Pesan Rasulullah SAW Kepada Fathimatuz Zahra 19 April, 2008
Posted by ndelon in Umum.Tags: Fatimah, Islam, Istri, Muhammad, nasehat, Suami
trackback
Pesan Rasulullah SAW Kepada Fathimatuz Zahra
Hingga kini, dunia masih terus mengenangnya. Tidak sedikit
tetes air mata mengalir tatkala mengingat kebesarannya. Malu
rasanya membandingkannya dengan keadaan kita saat ini. Rasa
haru seketika menyeruak kalau membaca kembali kisah-kisah
perjuangannya; ketika dengan penuh kasih sayang ia mengusap
darah suaminya seusai perang dan merawatnya dengan penuh
perhatian; saat ia mengambil air sendiri dengan berjalan
jauh hingga membekas di dadanya; begitu beraninya ia
menginap di rumah Rasulullah sementara ‘Ali suaminya,
menggantikan tempat tidur Muhammad SAW saat orang-orang
kafir Quraisy mengepung.
Fathimah Az Zahra sangat besar perjuangannya. Tidaklah
berlebihan jika Rasulullah menegaskan, atas dasar
kecintaannya, bahwa manusia pertama yang kelak duduk
mendampinginya di surga tidak lain adalah Fathimah. Dia
adalah putri dari seorang yang suci. Dia sendiri suci. Dari
rahimnya yang suci, kita pernah mendengar nama besar Hasan
dan Husain. Ia juga melahirkan Zainab yang dari
keturunannyalah kelak Imam Syafi’i mendapat tempat dan
perlindungan.
Imam Nawawi Al Bantani pernah menuliskan keagungan Fathimah
Az Zahra ketika berbicara masalah hak dan kewajiban suami
istri bersama Rasulullah.
Nabi SAW bersabda kepada putrinya, Hai Fathimah, setiap
istri yang membuatkan tepung untuk suami dan anak-anaknya,
maka Allah mencatat baginya memperoleh kebajikan dari setiap
butir biji yang tergiling, dan menghapus keburukannya serta
meninggikan derajatnya.
Hai Fathimah, setiap istri yang berkeringat di sisi alat
penggilingnya karena membuatkan bahan makanan untuk
suaminya, maka Allah memisahkan antara dirinya dan neraka
sejauh tujuh hasta.
Hai Fathimah, setiap istri yang meminyaki rambut
anak-anaknya dan menyisirkan rambut mereka dan mencucikan
baju mereka, maka Allah mencatatkan untuknya memperoleh
pahala seperti pahala orang yang memberi makan seribu orang
yang sedang kelaparan, dan seperti pahala orang yang memberi
pakaian seribu orang yang telanjang.
Hai Fathimah, setiap istri yang mencegah kebutuhan
tetangganya, maka Allah kelak akan mencegahnya (tidak
memberi kesempatan baginya) untuk minum air dari telaga
Kautsar pada hari kiamat.
Hai Fathimah, tetapi yang lebih utama dari semua itu adalah
keridhaan suami terhadap istrinya. Sekiranya suamimu tidak
meridhaimu, tentu aku tidak akan mendo’akan dirimu.

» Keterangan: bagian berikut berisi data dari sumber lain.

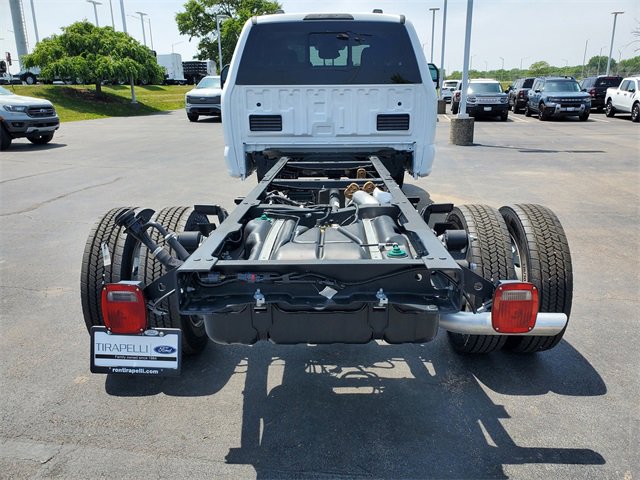 New 2025 Ford F450 XL w/ XL Chrome Package image 7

Bukankah engkau mengerti, hai Fathimah, bahwa ridha suami
itu menjadi bagian dari ridha Allah, dan kebencian suami
merupakan bagian dari kebencian Allah.
Hai Fathimah, manakala seorang istri mengandung, maka para
melaikat memohon ampun untuknya, dan setiap hari dirinya
dicatat memperoleh seribu kebajikan dan seribu keburukannya
dihapus. Apabila telah mencapai rasa sakit (menjelang
melahirkan) maka Allah mencatatkan untuknya memperoleh
pahala seperti pahala orang-orang yang berjihad di jalan
Allah. Apabila ia telah melahirkan, dirinya terbebas dari
segala dosa seperti keadaannya setelah dilahirkan ibunya.
Hai Fathimah, setiap istri yang melayani suaminya dengan
niat yang benar, maka dirinya terbebas dari dosa-dosanya
seperti pada hari dirinya dilahirkan ibunya. Ia tidak keluar
dari dunia (yakni mati) kecuali tanpa membawa dosa. Ia
menjumpai kuburnya sebagai pertamanan surga. Allah
memberinya pahala seperti seribu orang yang berhaji dan
berumrah, dan seribu malaikat memohonkan ampunan untuknya
hingga kiamat.
Setiap istri yang melayani suaminya sepanjang hari dan malam
hari disertai hati yang baik, ikhlas dan niat yang benar,
maka Allah mengampuni dosanya. Pada hari kiamat kelak
dirinya diberi pakaian berwarna hijau, dan dicatatkannya
untuknya pada setiap rambut yang ada di tubuhnya dengan
seribu kebajikan, dan Allah memberi pahala kepadanya
sebanyak seratus pahala orang yang berhaji dan berumrah.
Hai Fathimah, setiap istri yang tersenyum manis di muka
suaminya, maka Allah memperhatikannya dengan penuh rahmat.
Hai Fathimah, setiap istri yang menyediakan diri tidur
bersama suaminya dengan sepenuh hati, maka ada seruan yang
ditujukan kepadanya dari langit. “Hai Wanita, menghadaplah
dengan membawa amalmu. Sesungguhnya Allah telah mengampuni
dosa-dosamu yang berlalu dan yang akan datang.”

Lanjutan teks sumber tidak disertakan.